Nun hielt ihn nichts mehr, selbst nicht Kratzkys glänzendes Anerbieten, ihn zum Schwiegersohn zu befördern. Kratzky hatte nämlich neben seinem blühenden Geschäft sechs Töchter, von denen eine der ältesten noch unverheiratet war. Berblingers Wanderzeit war abgelaufen; er konnte nach der Heimat zurückkehren und wußte, daß er der Zunft auch als Meister Ehre machen würde. Das war sein Plan. Tiefer aber hatte ihn der Gedanke gepackt, daß, was ein mißratener Uhrmacher nicht fertig brachte, einem geratenen Schneider wohl gelingen könnte, und noch tiefer in seinem Innersten regte sich eine Hoffnung – nein, nur ein Sehnen – die, nein, das er kaum auszudenken wagte. Wie hatte sie den dicken Degen mit ihrem Lächeln überschüttet! Wie waren sie nebeneinander gestanden, diese zwei, die der Erzherzog vor der ganzen hohen Gesellschaft ausgezeichnet hatte! Was hatte nicht alles der gelehrte Professor von der weltumstürzenden Bedeutung der Erfindung gesagt, und er hatte recht, Wort für Wort! Wenn es gelänge, was konnte da noch werden? Aber es war nicht auszudenken!

Enderle hätte ihn gar zu gern begleitet. Als Soldat war er aus Heimweh nach Ulm, nach dem Taubengäßchen, nach dem Arbeitstisch bei Bockelhardt fast krank geworden; nun packte es ihn wieder. Aber Ulm war bayrisch; sein Kopf stand auf dem Spiel, wenn er die bayrische Grenze überschritten hätte. Da war's doch klüger, bei Kratzky zu bleiben, wo es ihm besser ging als je zuvor.

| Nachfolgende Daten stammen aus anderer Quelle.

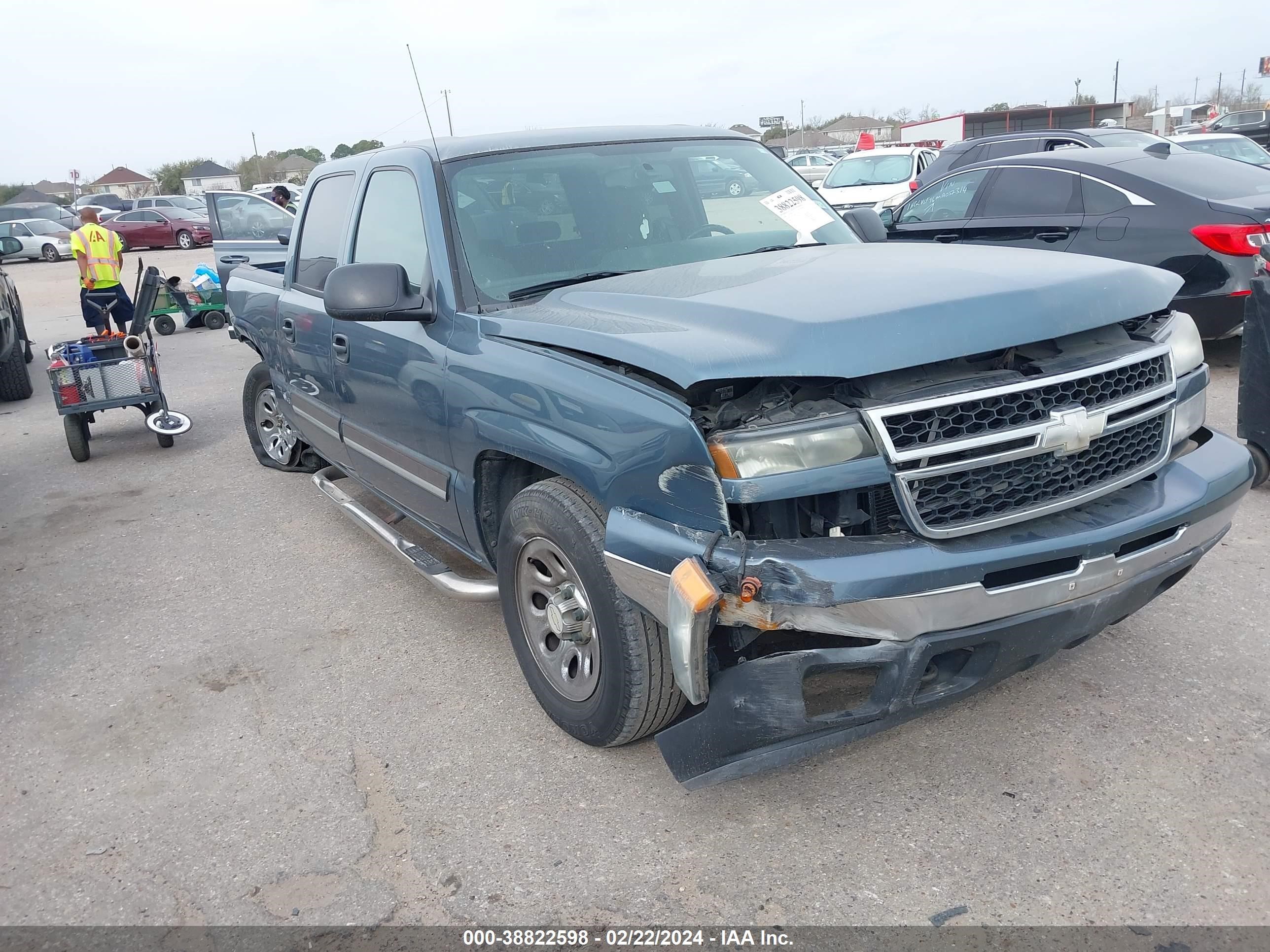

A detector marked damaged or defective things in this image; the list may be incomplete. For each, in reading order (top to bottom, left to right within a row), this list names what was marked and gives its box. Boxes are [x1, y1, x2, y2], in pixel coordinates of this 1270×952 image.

damaged chevrolet silverado [208, 130, 1246, 792]
broken headlight [706, 414, 872, 481]
crumpled front bumper [611, 428, 1254, 784]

Das letzte Stück seiner Wanderschaft donauaufwärts tat Berblinger gut. Der Aprilwind blies ihm die Großstadtmucken aus dem Haar, und es war, je mehr Ulm näher kam, als würde er drei Jahre jünger. Schon sah er wieder treuherzige, schwäbischblaue Augen, schon hörte er wieder das heimatliche ›Grüß de Gott‹, das ›ischt‹ und ›bischt‹, und freute sich daran. Wie gewöhnlich zog er nicht geradlinig auf sein Ziel los, arbeitete sogar noch vierzehn Tage in Nürnberg, weil's ihm mit einemmal auch schwerfiel, von der Wanderzeit Abschied zu nehmen. Dort wollten sie ihn um jeden Preis halten; er brachte so viel Neues aus Wien mit, und die Herren in Nürnberg halten etwas auf einen guten Schnitt. Aber es litt ihn nicht länger.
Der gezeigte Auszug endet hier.